Selamat Datang Century Jilid 2
“Lebih dari 10 Bank Tak Sehat”. Judul berita di harian Kompas tanggal 21 Juli 2012 menyentak perhatian penulis. Pernyataan Gubernur Bank Indonesia, Darmin Nasution yang menyatakan, bahwa Bank Indonesia mendorong konsolidasi terhadap bank-bank yang tidak Menarik sekali pernyataan Gubernur BI atas hal ini. Mengapa? Karena masih segar dalam ingatan masyarakat Indonesia terhadap kasus Bank Mutiara (d/h. Bank Century).
Sejarah berdirinya Bank Century (BC) diawali dengan adanya merger Bank Century Intervest Corporation (Bank CIC) dengan Bank Pikko dan Bank Danpac pada 6 Desember tahun 2004.
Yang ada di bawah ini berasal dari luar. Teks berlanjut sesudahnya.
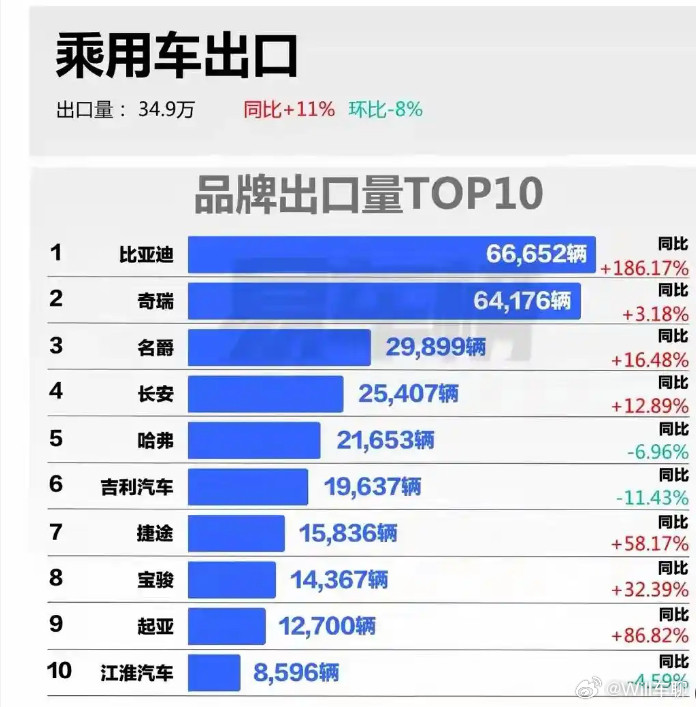 2月出口数据，比亚迪超过了奇瑞，占据了第一。这应该也是有史以来第一次单月，比亚迪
Salah satu tujuan Bank Indonesia dalam menjalankan fungsi pengawasan bank
adalah untuk mewujudkan sistem perbankan yang sehat, agar dapat berperan sebagai sarana
transmisi kebijakan dalam menjaga kestabilan harga.
Dalam kaitan ini apabila bank mengalami kesulitan yang membahayakan
kelangsungan usahanya, maka sesuai Pasal 37 ayat (1) Undang-Undang No. 7 Tahun
1992 sebagaimana diubah dengan Undang-Undang No.10 Tahun 1998 tentang Perbankan,
maka Bank Indonesia (BI) mengambil langkah-langkah penyelamatan antara lain melalui
penambahan modal, penggabungan usaha (merger) dan menjual bank kepada pihak lain
(melalui proses akuisisi).
Dalam kasus merger BC, untuk mempermudah implementasi dari Pasal 37 ayat (1)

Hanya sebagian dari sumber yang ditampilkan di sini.